A medal for "The Great War for Civilisation"
I have been thinking a lot about World War I recently. It's the historical event that I probably have the most sustained interest in. It is so immense in scope and importance that I am always finding a new wrinkle or side to do a deep dive into.
I am usually most preoccupied with thinking about that event as a moment of breakage and turning. Most historical changes come slowly, but the Great War was a cataclysm that smashed old empires, spurred revolutions, and redrew the map of Europe. There has yet to be an event quite like that in my lifetime, even the fall of the Berlin Wall and 9/11.
I've been thinking especially about what the war meant to those who participated in it.
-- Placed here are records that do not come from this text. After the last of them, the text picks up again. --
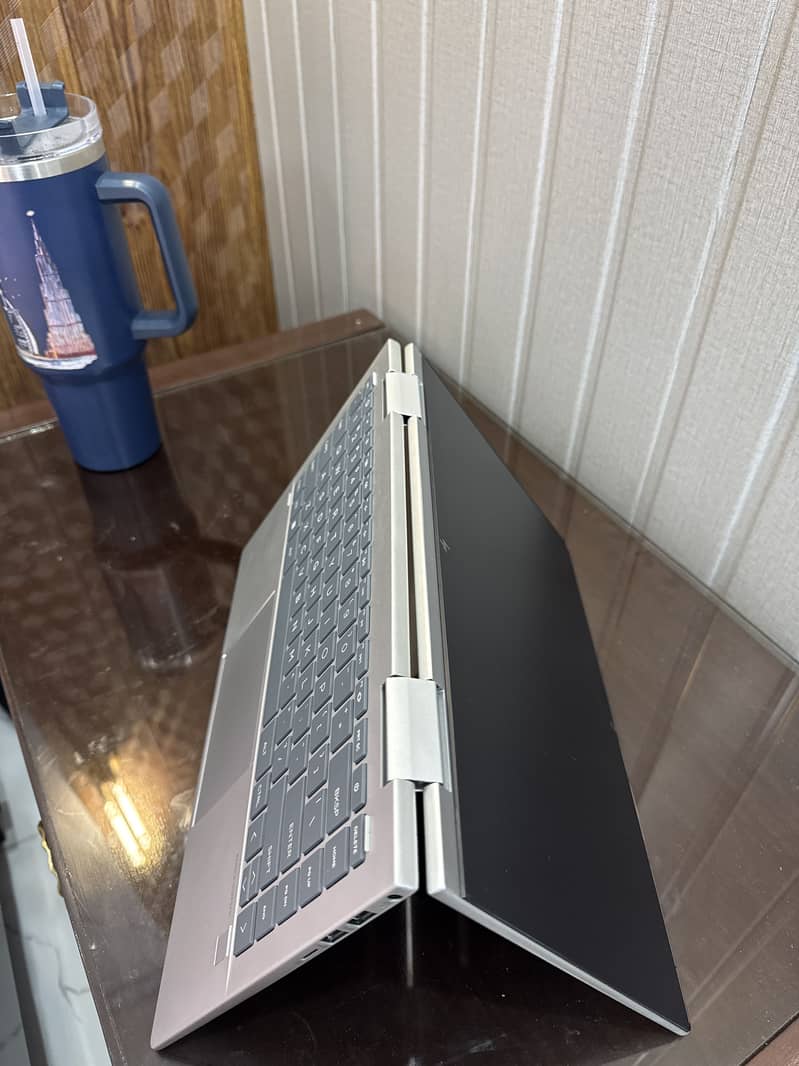 HP Envy 2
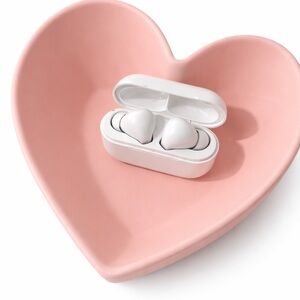 White Wireless Earbuds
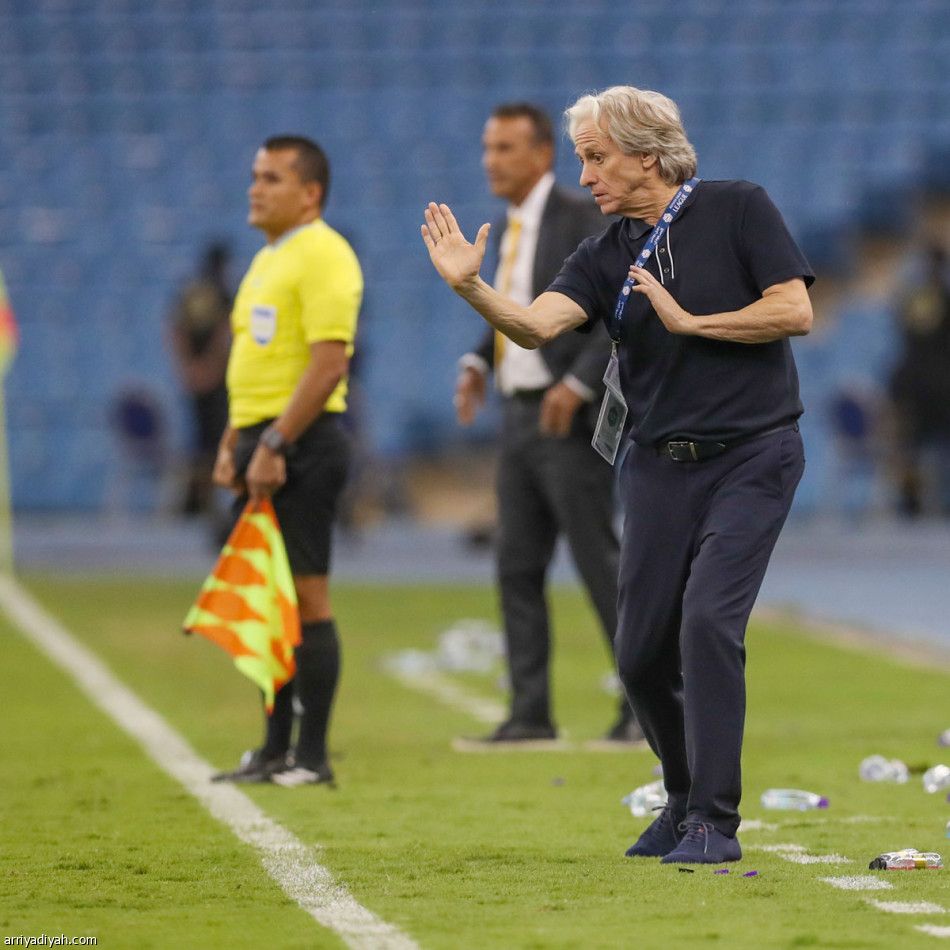 13 بلا هزيمة.. مؤشر تتويج الهلال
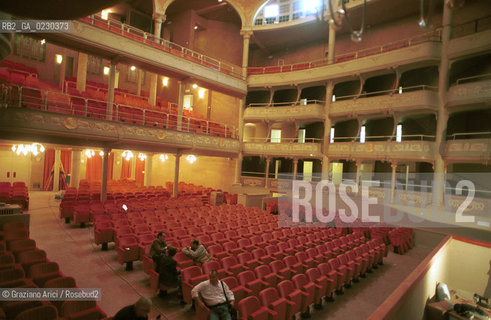 Nome: ..RESTAURO DEL TEATRO MALIBRAN..Descrizione: ..SALA AFFRESCHI E DECORAZIONI A STUCCO..Credit: ..Graziano Arici/Rosebud2 .Costo: ..A..Nazione: ....Città: ..VENEZIA..VENICE..Data: ..08/05/01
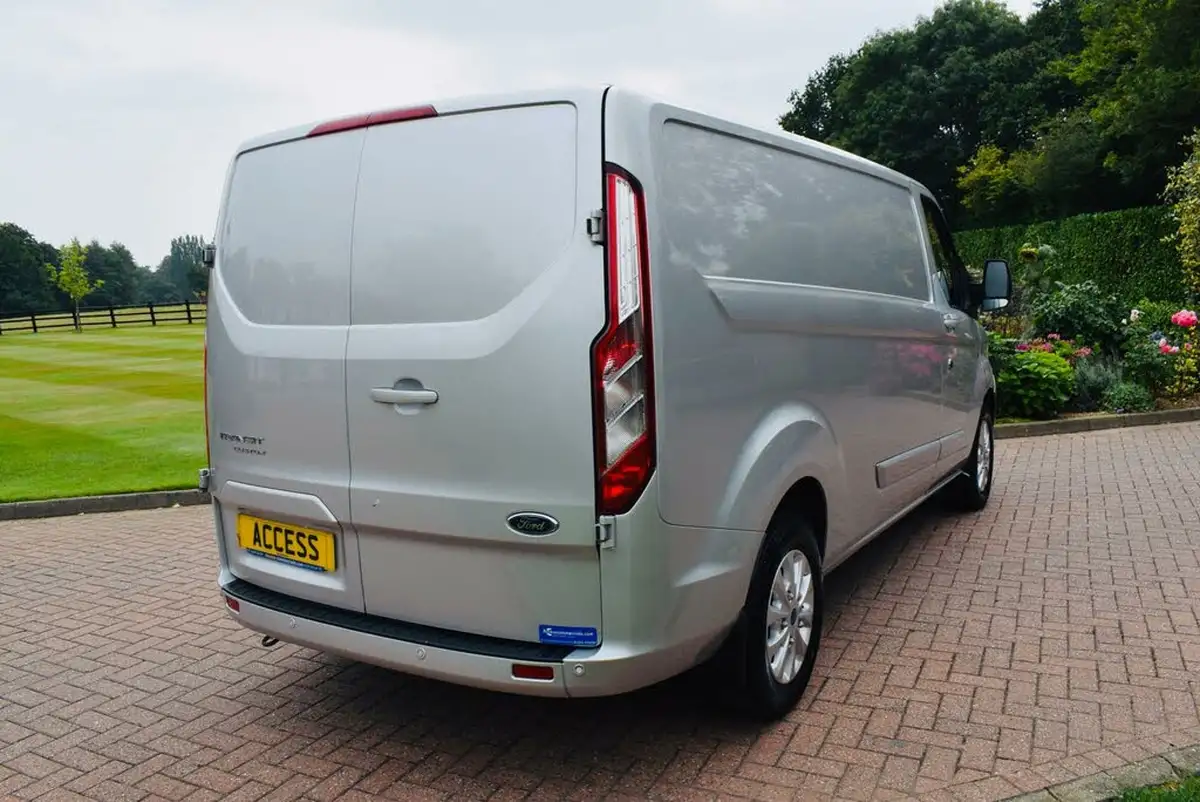 2021-ford-transit-custom-20tdci-300-l1h1-limited-170pseu6dt-panel-van-auto-big-8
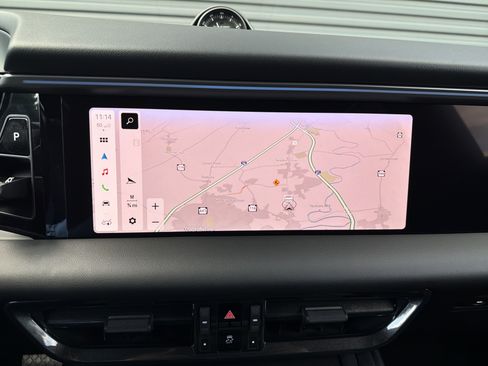 New 2025 Porsche Macan 4 Electric AWD/4WD image 10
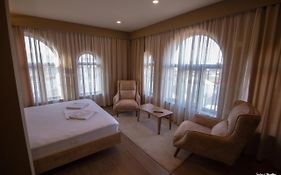 Sahati Hotel & Restaurant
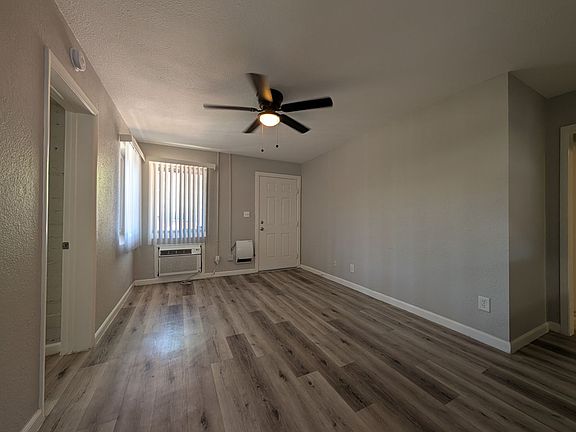 4th image of 323 N 11th St #B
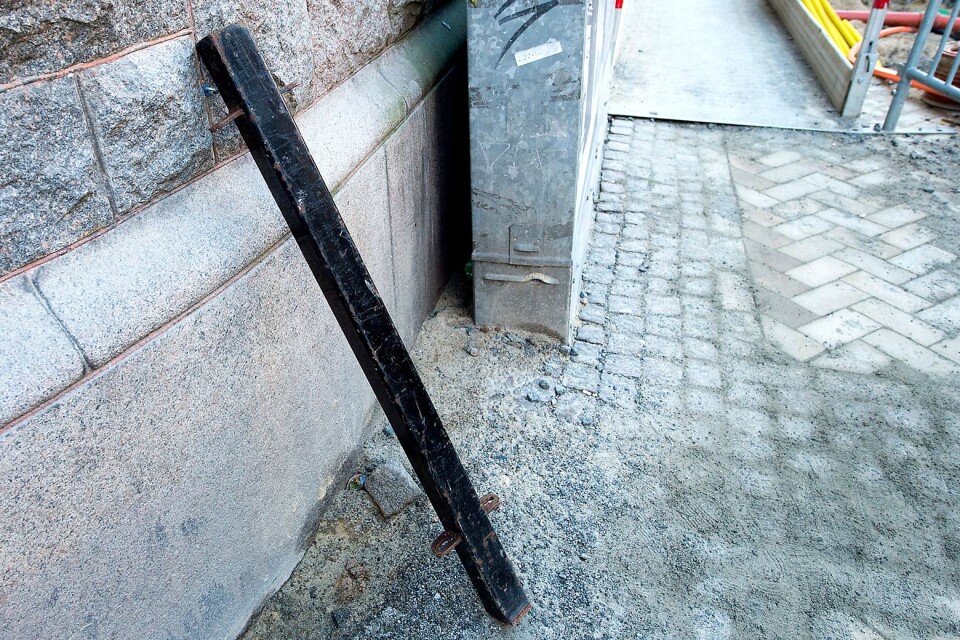 Järnröret som användes för att krossa fönstret till Ekbergs Woman låg kvar på platsen.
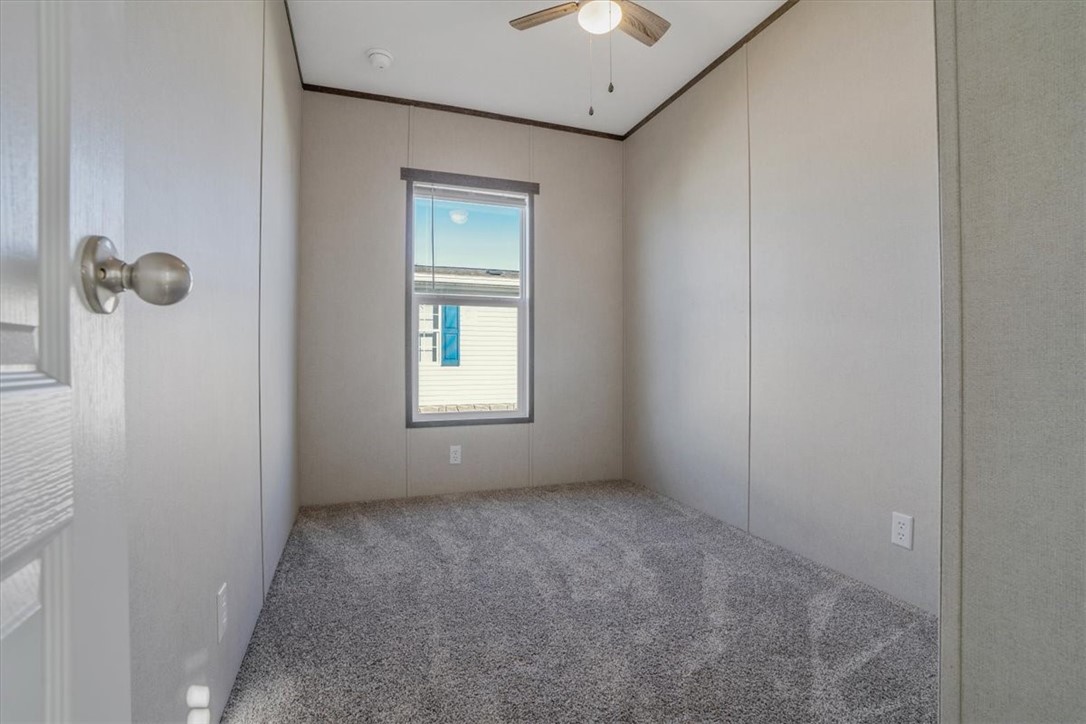 2 Roundtop Dr
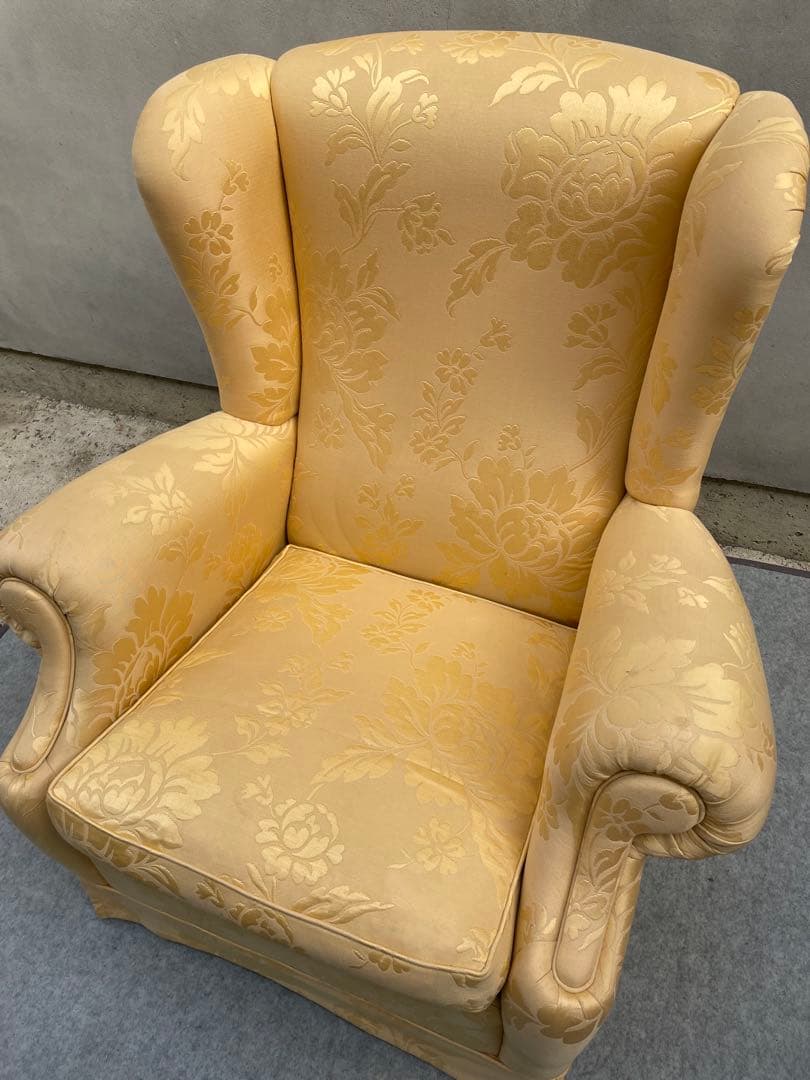 割と綺麗　メーカー不明　アンティーク？1人掛け　ソファ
Despite having read about it for years, I only recently (while reading Dos Passos USA trilogy) realized that the full name used at the time in Britain and the United States was "The Great War For Civilization." Civilization was, of course, an incredibly loaded concept in the English-speaking world in the early 20th century. It tended to be invoked to justify imperialism and colonization, treating the violent subjugation of other people against their will as a benevolent act.
While the war was viewed as a monstrous waste of human life and devoid of meaning in famous works by Sassoon and Remarque, that point of view was not shared by millions in the Allied nations who felt that they had helped make the world a better place. The positive view of that conflict has all but perished. There's a reason that the Wonder Woman movie was set in the first world war rather than the second: if she is opposed to war itself, few wars are as unsympathetic as the Great War.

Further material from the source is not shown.